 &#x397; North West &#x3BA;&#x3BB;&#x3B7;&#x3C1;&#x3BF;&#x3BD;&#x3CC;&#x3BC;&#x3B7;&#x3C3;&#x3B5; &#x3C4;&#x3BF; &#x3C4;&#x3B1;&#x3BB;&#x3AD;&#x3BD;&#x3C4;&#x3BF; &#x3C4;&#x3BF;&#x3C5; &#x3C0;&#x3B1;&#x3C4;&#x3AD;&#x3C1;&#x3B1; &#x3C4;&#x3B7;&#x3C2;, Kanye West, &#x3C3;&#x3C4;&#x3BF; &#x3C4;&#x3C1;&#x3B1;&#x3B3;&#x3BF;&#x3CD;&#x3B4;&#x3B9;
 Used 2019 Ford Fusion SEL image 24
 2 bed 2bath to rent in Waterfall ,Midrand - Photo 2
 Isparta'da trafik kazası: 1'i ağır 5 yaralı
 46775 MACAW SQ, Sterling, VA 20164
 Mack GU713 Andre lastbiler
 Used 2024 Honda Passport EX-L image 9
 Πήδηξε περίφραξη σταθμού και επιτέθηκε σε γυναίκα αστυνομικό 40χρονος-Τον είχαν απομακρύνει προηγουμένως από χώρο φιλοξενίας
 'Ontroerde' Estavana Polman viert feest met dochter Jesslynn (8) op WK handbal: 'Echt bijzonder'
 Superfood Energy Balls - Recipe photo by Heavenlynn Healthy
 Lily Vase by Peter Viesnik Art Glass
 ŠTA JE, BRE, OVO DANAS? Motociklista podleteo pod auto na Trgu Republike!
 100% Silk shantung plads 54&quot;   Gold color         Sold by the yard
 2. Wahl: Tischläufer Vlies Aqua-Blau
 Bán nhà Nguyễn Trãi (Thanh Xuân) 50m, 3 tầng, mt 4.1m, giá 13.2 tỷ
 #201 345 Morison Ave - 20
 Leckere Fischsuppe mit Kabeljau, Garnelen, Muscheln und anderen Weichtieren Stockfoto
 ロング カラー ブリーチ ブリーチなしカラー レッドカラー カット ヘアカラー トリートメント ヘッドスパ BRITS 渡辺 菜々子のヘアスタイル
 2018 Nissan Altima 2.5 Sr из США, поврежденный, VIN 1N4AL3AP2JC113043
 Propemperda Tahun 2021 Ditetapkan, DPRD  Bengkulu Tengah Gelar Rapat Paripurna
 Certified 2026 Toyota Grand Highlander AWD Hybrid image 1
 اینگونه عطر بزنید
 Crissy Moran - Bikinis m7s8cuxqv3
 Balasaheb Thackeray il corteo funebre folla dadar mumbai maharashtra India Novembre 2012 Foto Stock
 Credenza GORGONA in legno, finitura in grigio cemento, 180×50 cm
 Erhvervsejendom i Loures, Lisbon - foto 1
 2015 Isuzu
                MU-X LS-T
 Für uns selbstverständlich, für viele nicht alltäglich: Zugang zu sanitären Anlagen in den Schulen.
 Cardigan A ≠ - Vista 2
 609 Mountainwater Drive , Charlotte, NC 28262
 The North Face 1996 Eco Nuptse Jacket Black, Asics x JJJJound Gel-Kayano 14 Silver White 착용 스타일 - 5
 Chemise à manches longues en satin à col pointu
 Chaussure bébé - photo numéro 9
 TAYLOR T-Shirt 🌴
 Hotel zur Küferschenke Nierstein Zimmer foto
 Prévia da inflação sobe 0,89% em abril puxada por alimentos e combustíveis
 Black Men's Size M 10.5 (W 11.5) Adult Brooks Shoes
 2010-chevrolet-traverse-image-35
——————————
# What you should do:
Return exactly the lines that run from the top of the listing above to the line containing "ロング カラー ブリーチ", please, keeping both end lines and leaving out everything else.

# Output for this exercise:
 &#x397; North West &#x3BA;&#x3BB;&#x3B7;&#x3C1;&#x3BF;&#x3BD;&#x3CC;&#x3BC;&#x3B7;&#x3C3;&#x3B5; &#x3C4;&#x3BF; &#x3C4;&#x3B1;&#x3BB;&#x3AD;&#x3BD;&#x3C4;&#x3BF; &#x3C4;&#x3BF;&#x3C5; &#x3C0;&#x3B1;&#x3C4;&#x3AD;&#x3C1;&#x3B1; &#x3C4;&#x3B7;&#x3C2;, Kanye West, &#x3C3;&#x3C4;&#x3BF; &#x3C4;&#x3C1;&#x3B1;&#x3B3;&#x3BF;&#x3CD;&#x3B4;&#x3B9;
 Used 2019 Ford Fusion SEL image 24
 2 bed 2bath to rent in Waterfall ,Midrand - Photo 2
 Isparta'da trafik kazası: 1'i ağır 5 yaralı
 46775 MACAW SQ, Sterling, VA 20164
 Mack GU713 Andre lastbiler
 Used 2024 Honda Passport EX-L image 9
 Πήδηξε περίφραξη σταθμού και επιτέθηκε σε γυναίκα αστυνομικό 40χρονος-Τον είχαν απομακρύνει προηγουμένως από χώρο φιλοξενίας
 'Ontroerde' Estavana Polman viert feest met dochter Jesslynn (8) op WK handbal: 'Echt bijzonder'
 Superfood Energy Balls - Recipe photo by Heavenlynn Healthy
 Lily Vase by Peter Viesnik Art Glass
 ŠTA JE, BRE, OVO DANAS? Motociklista podleteo pod auto na Trgu Republike!
 100% Silk shantung plads 54&quot;   Gold color         Sold by the yard
 2. Wahl: Tischläufer Vlies Aqua-Blau
 Bán nhà Nguyễn Trãi (Thanh Xuân) 50m, 3 tầng, mt 4.1m, giá 13.2 tỷ
 #201 345 Morison Ave - 20
 Leckere Fischsuppe mit Kabeljau, Garnelen, Muscheln und anderen Weichtieren Stockfoto
 ロング カラー ブリーチ ブリーチなしカラー レッドカラー カット ヘアカラー トリートメント ヘッドスパ BRITS 渡辺 菜々子のヘアスタイル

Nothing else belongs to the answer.